What you should do
Extract, exactly and without pictures, every line from the one that includes "Kamera wewnętrzna Eufy" through the final line of the material below.

Given material
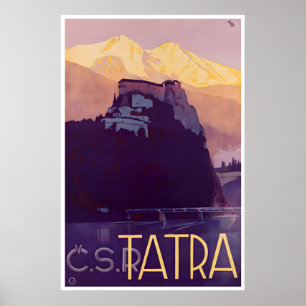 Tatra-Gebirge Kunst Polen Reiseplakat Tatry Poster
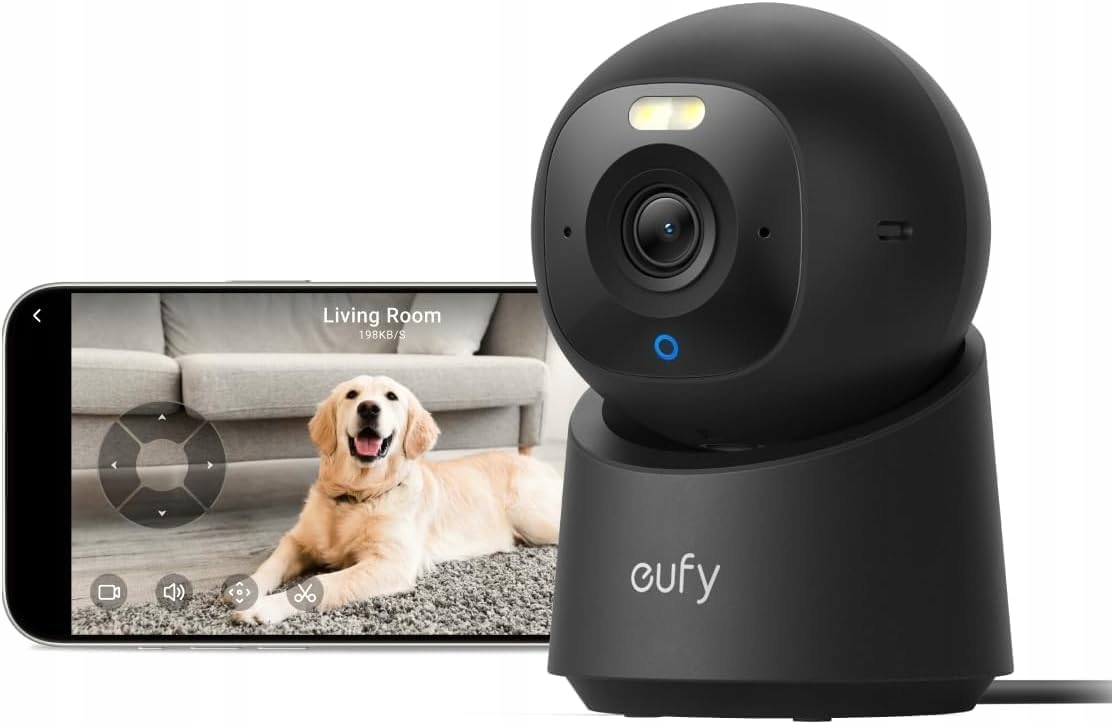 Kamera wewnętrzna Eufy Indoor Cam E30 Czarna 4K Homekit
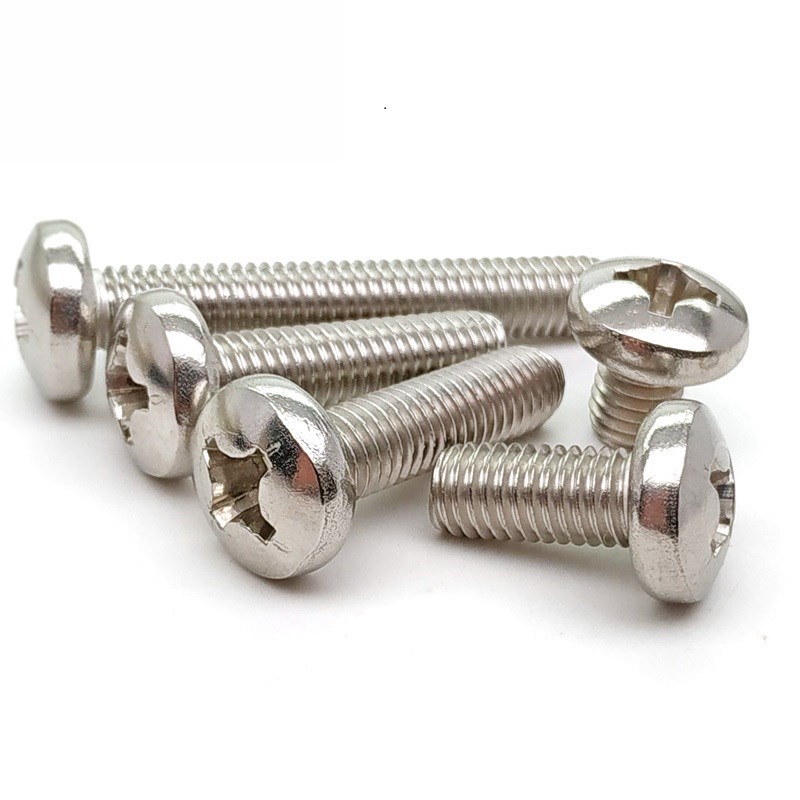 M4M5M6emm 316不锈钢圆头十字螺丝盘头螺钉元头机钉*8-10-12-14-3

Exercise answer
 Kamera wewnętrzna Eufy Indoor Cam E30 Czarna 4K Homekit
 M4M5M6emm 316不锈钢圆头十字螺丝盘头螺钉元头机钉*8-10-12-14-3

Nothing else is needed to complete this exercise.